Mr. Orr’s succinct observation:
“Stop bashing educators.”
Speaking during a two-day symposium on the restructuring of Maine’s education system, Orr pointed out that while there are abundant critics of public schools, there are few people lining up with constructive suggestions for change.
The conference examined a recurrent theme in recent business and education seminars, the failings of the American education system, and it produced a consensus that has been strong among those who hire the products of that system and that now is being openly discussed by educators themselves:
The public education system in this country works acceptably well, even superlatively, in the way it prepares a minority of students for a college education. It is failing, however, in the important mission of preparing the majority of students for work and a productive life in an increasingly competitive global economy.
Orr’s company, with 3,000 employess, 75 percent of them educated in Cumberland County, is a good example. He says that the county’s public schools prepare students adequately for a university education, but he see a wide gap between their preparation and the non-college student who frequently shows up at the personnel office without basic mathematics and communications skills.

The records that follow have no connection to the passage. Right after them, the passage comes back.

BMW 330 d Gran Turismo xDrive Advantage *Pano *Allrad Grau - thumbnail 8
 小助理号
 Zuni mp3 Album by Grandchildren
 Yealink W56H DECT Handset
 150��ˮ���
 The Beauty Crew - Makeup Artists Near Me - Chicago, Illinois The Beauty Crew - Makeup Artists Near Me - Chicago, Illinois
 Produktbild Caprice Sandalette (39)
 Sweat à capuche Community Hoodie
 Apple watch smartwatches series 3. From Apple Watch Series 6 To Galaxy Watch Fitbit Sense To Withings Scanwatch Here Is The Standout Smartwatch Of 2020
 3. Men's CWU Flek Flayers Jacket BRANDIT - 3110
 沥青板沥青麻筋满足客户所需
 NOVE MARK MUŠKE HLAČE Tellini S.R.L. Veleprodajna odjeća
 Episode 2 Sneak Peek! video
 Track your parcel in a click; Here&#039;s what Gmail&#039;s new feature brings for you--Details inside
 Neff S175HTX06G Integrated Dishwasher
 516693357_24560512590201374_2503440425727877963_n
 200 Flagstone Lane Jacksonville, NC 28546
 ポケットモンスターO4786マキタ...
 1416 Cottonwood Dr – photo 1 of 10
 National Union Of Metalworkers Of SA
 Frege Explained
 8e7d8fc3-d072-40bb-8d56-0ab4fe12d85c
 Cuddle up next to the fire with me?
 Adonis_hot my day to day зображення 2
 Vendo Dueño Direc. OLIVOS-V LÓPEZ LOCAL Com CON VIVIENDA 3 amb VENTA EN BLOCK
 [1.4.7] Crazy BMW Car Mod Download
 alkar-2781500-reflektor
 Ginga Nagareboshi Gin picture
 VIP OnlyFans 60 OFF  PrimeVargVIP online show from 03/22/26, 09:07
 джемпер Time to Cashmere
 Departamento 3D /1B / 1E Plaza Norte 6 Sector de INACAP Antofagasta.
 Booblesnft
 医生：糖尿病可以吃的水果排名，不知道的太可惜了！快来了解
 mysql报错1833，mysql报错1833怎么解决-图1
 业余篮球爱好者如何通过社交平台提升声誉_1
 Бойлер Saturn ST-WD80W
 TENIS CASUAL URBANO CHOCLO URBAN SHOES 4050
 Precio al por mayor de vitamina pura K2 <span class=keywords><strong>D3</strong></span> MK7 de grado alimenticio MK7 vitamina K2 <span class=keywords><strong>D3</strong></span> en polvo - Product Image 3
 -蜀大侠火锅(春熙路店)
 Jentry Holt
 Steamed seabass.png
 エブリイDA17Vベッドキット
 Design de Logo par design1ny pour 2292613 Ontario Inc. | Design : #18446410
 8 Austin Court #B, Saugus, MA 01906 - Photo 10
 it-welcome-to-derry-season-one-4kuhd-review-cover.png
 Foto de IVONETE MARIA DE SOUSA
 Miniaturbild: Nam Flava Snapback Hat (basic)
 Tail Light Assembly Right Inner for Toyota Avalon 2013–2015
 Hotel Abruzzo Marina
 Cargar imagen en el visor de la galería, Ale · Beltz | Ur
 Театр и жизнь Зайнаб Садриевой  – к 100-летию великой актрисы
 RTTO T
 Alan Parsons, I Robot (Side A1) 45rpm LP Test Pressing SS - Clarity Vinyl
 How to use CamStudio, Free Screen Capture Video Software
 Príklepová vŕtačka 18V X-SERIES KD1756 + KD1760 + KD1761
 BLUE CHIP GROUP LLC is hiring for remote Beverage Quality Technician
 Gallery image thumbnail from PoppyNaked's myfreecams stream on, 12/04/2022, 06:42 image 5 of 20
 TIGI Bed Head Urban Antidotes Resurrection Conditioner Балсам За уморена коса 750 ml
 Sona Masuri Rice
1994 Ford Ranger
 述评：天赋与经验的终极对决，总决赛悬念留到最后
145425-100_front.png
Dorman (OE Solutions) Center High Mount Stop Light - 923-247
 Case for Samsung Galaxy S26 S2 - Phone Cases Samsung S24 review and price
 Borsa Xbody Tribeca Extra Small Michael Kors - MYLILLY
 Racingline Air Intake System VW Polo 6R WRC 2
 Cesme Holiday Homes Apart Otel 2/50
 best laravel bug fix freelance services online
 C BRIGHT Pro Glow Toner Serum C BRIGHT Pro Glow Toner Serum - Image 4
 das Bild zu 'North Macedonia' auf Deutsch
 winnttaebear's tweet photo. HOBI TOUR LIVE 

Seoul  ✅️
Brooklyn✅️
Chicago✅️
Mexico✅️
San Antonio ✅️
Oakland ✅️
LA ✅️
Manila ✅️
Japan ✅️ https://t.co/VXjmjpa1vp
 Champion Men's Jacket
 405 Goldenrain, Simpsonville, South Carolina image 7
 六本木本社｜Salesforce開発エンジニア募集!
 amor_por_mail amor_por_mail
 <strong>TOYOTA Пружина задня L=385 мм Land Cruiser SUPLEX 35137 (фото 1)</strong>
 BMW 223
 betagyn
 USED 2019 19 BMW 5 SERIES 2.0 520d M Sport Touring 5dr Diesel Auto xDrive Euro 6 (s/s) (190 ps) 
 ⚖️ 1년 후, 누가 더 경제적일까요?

There are many good teachers. There also are some poor ones, but the pattern of inadequacy pointed out by Orr and others has little to do with specific teachers. It has its roots in the dissolution of the nuclear family, in the related lack of personal motivation and aspirations on the part of students and in the objectives of an educational system set up to aggressively skim the cream for colleges while a majority of students just pass through to jobs in agriculture and manufacturing.
Those jobs no longer exist.
It does no good to blame the teachers.